NSheetzThe following post is by Nicole Sheetz, Advisor of Clinical Development Innovation and Innovation Adoption at Eli Lilly and Company. Nicole is a 15-year pharmaceutical industry professional with broad clinical development experience.  She has held leadership positions in clinical project management, data sciences, scientific communications, data disclosure, clinical operations, and competitor intelligence.  Nicole currently leads clinical development innovation programs that span various functions, and she is specifically responsible for implementation of innovation projects that are ready for global production and scale-up at Lilly.

 

I’ve been working in and around clinical trials for most of my career, and I’ve learned that all voices – the patient, the site, and the sponsor – are vital when trying to improve how we conduct research.

Patients’ views are invaluable, as they help us to understand what makes participation in trials important and feasible for them. Clinical research site professionals (investigators, site directors, study coordinators, and pharmacists) are also critical, and they play a very important role in shaping the patients’ clinical trial experience. They serve as the primary bridge between the sponsor’s goals for a trial, the healthcare provider’s care for the patient, and the patient’s needs and wishes.
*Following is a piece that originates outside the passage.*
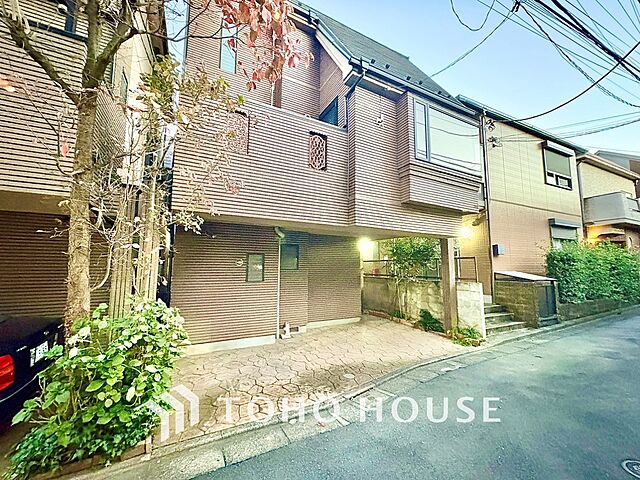 外観 豊島区駒込3丁目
As a result, site professionals are able to share plenty of great insights based on their day-to-day experiences interacting with patients and conducting trials.

I work on Lilly’s Clinical Development Innovation team, and we are focused on reducing the amount of time it takes to bring innovative medicines to patients while maintaining the highest standards of patient safety, ethical practice, and data quality. We know that we cannot reach this goal alone; we need input from the people involved in all facets of the clinical trial process in order to understand what we can improve upon and how. Hearing feedback and suggestions for improvement from site professionals who are “on the ground” every day will surely help us to develop the kinds of solutions that will make a real difference for patients and for the entire clinical development process.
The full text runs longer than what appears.